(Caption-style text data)
* * *

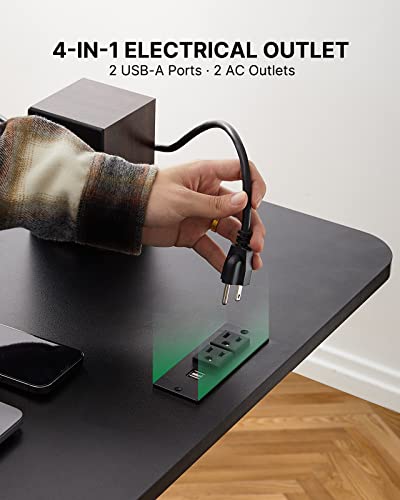 Marsail L Shaped Standing Desk, 63x55 Inch Standing Desk Adjustable Height with 4-in 1 Electical Outlet, Electric Standing Desk Stand up Desk for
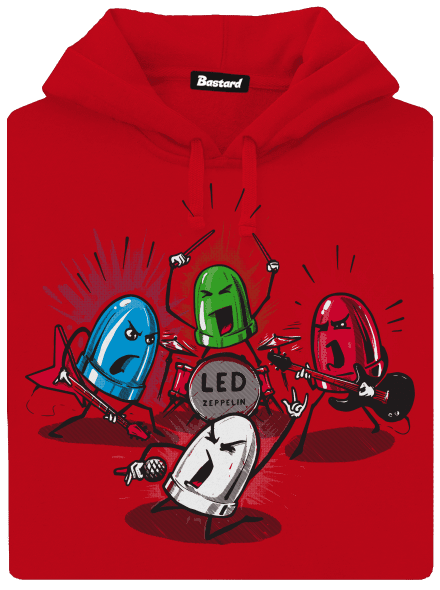 Led Zeppelin pánska mikina klokanka Red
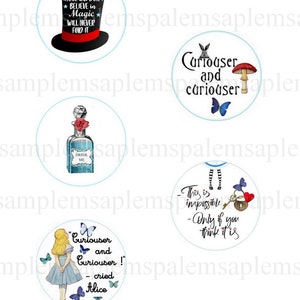 Alice in Wonderland circles Digital collage sheet 2.5 inch circles digital round Alice in Wonderland pocket mirror images cupcake toppers image 3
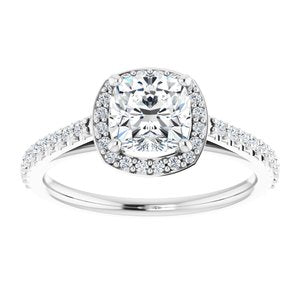 14K White 6 mm Cushion Forever One‚Ñ¢ Moissanite & 1/4 CTW Diamond Engagement Ring -653382:689:P-ST-WBC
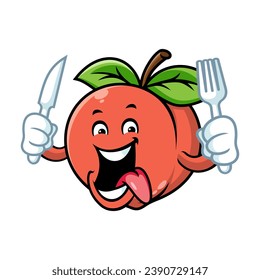 vector cartoon, character, and mascot of a peach holding knife and fork.
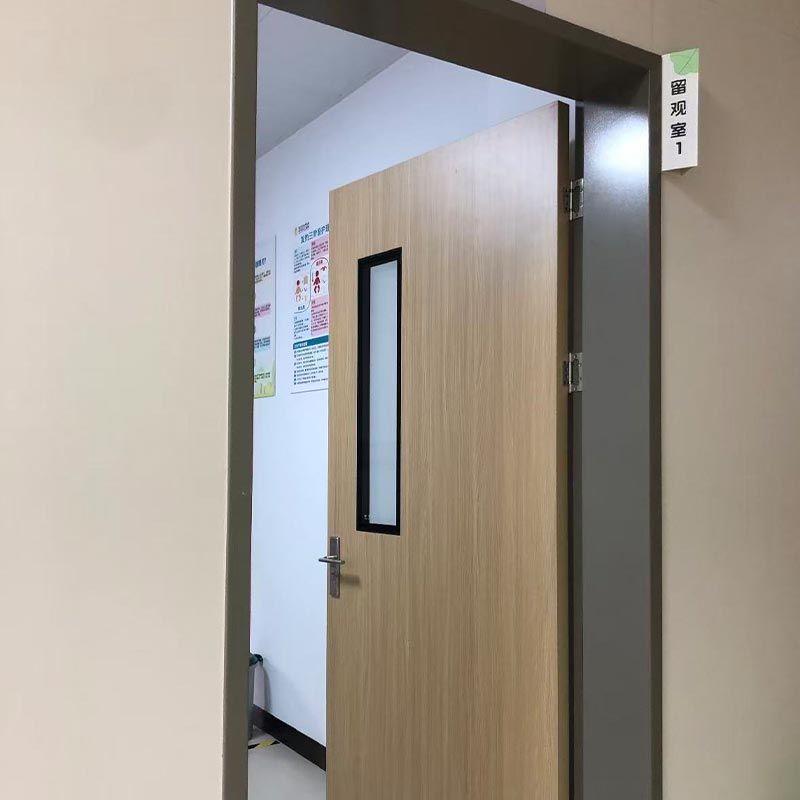 Porte coupe-feu en acier et en bois d'hôpital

* * *

▶ [Problem requirements]
Set down the entries above exactly, and keep every picture out of your copy.

▶ [Response]
 Marsail L Shaped Standing Desk, 63x55 Inch Standing Desk Adjustable Height with 4-in 1 Electical Outlet, Electric Standing Desk Stand up Desk for
 Led Zeppelin pánska mikina klokanka Red
 Alice in Wonderland circles Digital collage sheet 2.5 inch circles digital round Alice in Wonderland pocket mirror images cupcake toppers image 3
 14K White 6 mm Cushion Forever One‚Ñ¢ Moissanite & 1/4 CTW Diamond Engagement Ring -653382:689:P-ST-WBC
 vector cartoon, character, and mascot of a peach holding knife and fork.
 Porte coupe-feu en acier et en bois d'hôpital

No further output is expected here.